Hydrogenated Coconut Oil ●
TL;DR. This ingredient is an emollient and lipid-phase structurant that softens skin, reduces water loss, and adds firmness to creams, sticks, balms, and anhydrous formulas.
What does Hydrogenated Coconut Oil do in a cosmetic formula?
This ingredient is an emollient and lipid-phase structurant that softens skin, reduces water loss, and adds firmness to creams, sticks, balms, and anhydrous formulas.
Is Hydrogenated Coconut Oil clean?
This material is generally accepted by clean-beauty standards, with low irritation and low allergen concern in refined cosmetic grades. It can feel heavy on oily or blemish-prone skin, but it has no major restricted-list friction.
Is Hydrogenated Coconut Oil sustainable?
This ingredient is plant-derived from a tropical oil crop and is readily biodegradable. Its main sustainability variables are agricultural traceability, land use, and the energy and catalyst inputs used for saturation processing.
Is Hydrogenated Coconut Oil COSMOS-approved?
It is permitted under COSMOS natural and organic standards when made from compliant plant feedstocks and processed within the standard’s allowed chemistry. It fits Green Chemistry reasonably well because it uses renewable carbon and biodegrades, though the saturation step adds processing intensity.
How does Hydrogenated Coconut Oil work chemically?
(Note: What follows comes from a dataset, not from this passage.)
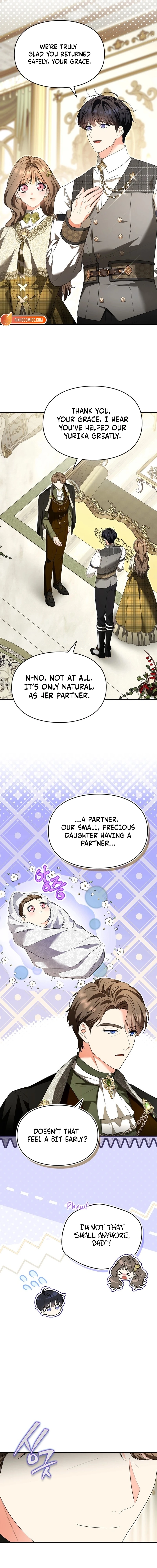 I Became A Squirrel Seeking For The Villain Chapter 62 - page 15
This material is a highly saturated triglyceride blend, meaning most fatty-acid double bonds have been converted to single bonds, which improves oxidative stability and raises firmness versus the starting oil. It is commonly used around 1 to 10% in emulsions and higher in sticks or balms, with melting behavior typically in the low-30s to about 40°C depending on grade.